Il costo della vita ad agosto, su base annuale è aumentato al 17,9% rispetto al 15,9% del mese precedente. L’indice mensile segna un incremento del 2,3%. Questo per quanto riguarda i prezzi al consumo. Per quelli di produzione, il panorama è ancora più nefasto, con un balzo del 32% rispetto all’agosto 2017.

Si tratta dei primi effetti della svalutazione progressiva della valuta nazionale sul dollaro, che va avanti da mesi, ma che da agosto, con le nuove tensioni fra Turchia e Stati Uniti, ha toccato nuove vette che hanno causato non pochi problemi a risparmiatori e investitori.
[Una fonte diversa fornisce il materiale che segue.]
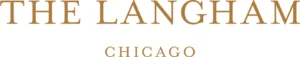 Logo of The Langham.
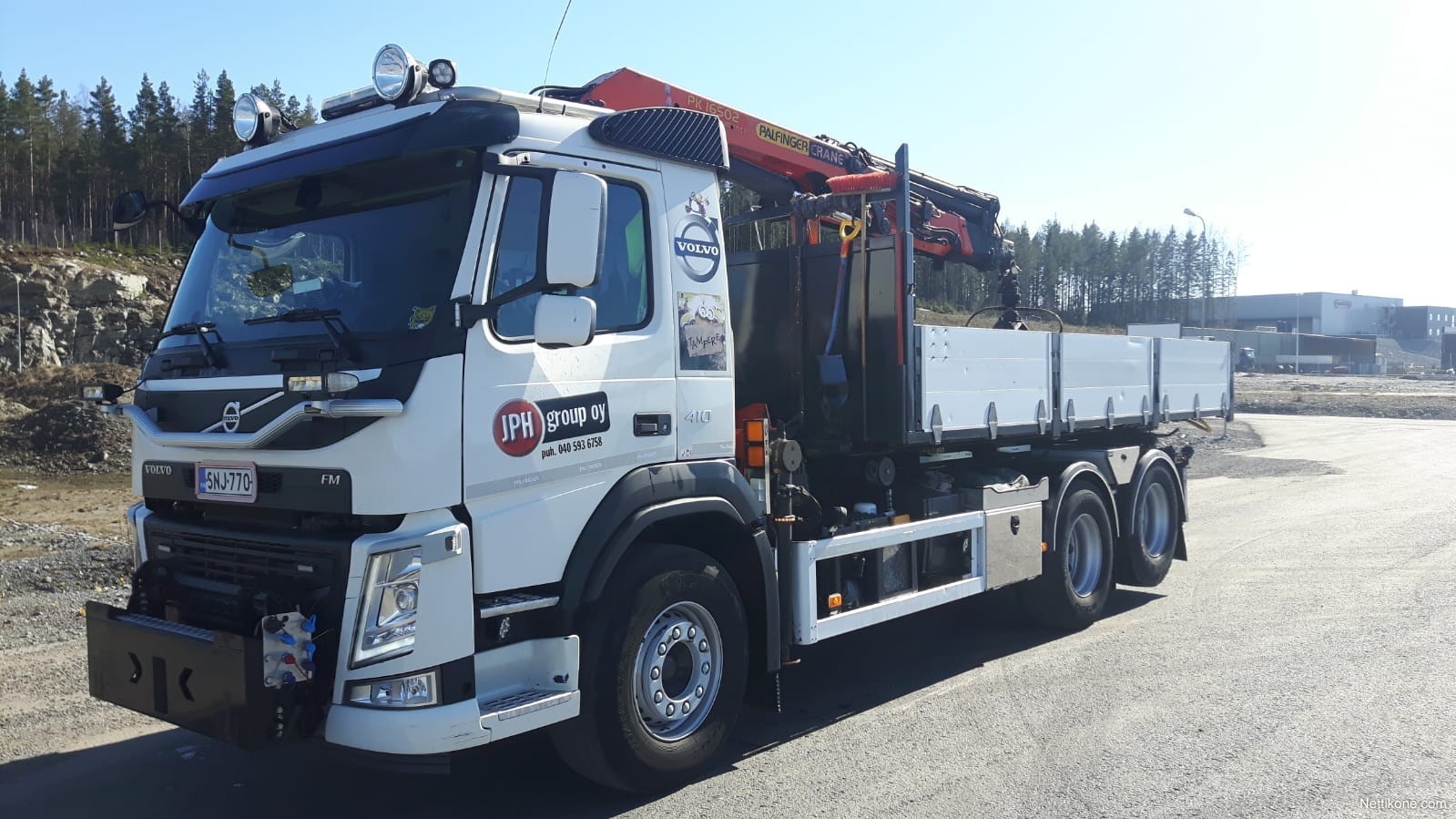 Volvo fm 6x4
La Banca Centrale ha deciso di intervenire per evitare nuovi exploit in negativo della valuta nazionale, facendo capire che nella prossima riunione di settembre potrebbe prendere la decisione che molti aspettano da tempo e alzare i tassi di interesse.

Tutto dipende dalla solida variabile, ossia il Presidente della Repubblica, Recep Tayyip Erdogan, da sempre contrario ad azioni contenitive del flusso di denaro, perché secondo lui rallenterebbero in modo grave la crescita del Paese, che aumenta sì, ma a scapito della stabilità finanziaria e di quella dei prezzi. Il capo di Stato in queste settimane si è adoperato per trovare alleati, anche in Europa, per contrastare quella che sembra una vera e propria offensiva degli Usa, con il Presidente Trump che ha cambiato radicalmente registro rispetto al predecessore Barack Obama.

Si è assicurato l’appoggio di Emmanuel Macron e quello di Angela Merkel, ma questo non sembra aver fatto desistere la Casa Bianca dai suoi propositi. Sembra ormai chiaro che il numero uno di Washington sia deciso sì a punire la Turchia per la sua eccessiva esuberanza in politica estera.

La Turchia è il primo obiettivo, ma la sua destabilizzazione serve per mandare chiari messaggi all’asse di cui Ankara fa parte, in primis Mosca, e in seconda battuta Teheran e Doha. Non è un caso che proprio il Cremlino abbia parlato di ‘azioni illegittime’ da parte di Trump e che il Qatar abbia deciso di investire in Turchia 15 miliardi di dollari, per dare un messaggio a tutti gli investitori internazionale sulla solidità dei nuovi alleati della Mezzaluna.

La tensione a distanza fra i due Paesi sembra destinata a continuare. Durante il suo viaggio in Kyrgyzstan, Erdogan è tornato a parlare del progetto di scambiare merci in valuta locale, lasciando quindi fuori il dollaro e interrompere quello che per il presidente turco è un ‘monopolio’.

Il prossimo 12 ottobre potrebbe essere una data particolarmente nevralgica. La Turchia potrebbe dare un segnale e disporre la scarcerazione di Andrew Brunson, il pastore evangelico causa ufficiale della nuova frattura con gli Usa. Il suo rilascio potrebbe essere interpretato come un gesto di distensione. In caso contrario, è lecito aspettarsi nuove tensioni, anche alla luce della fornitura di missili s-400 che la Russia ha garantito alla Turchia, Paese membro della Nato.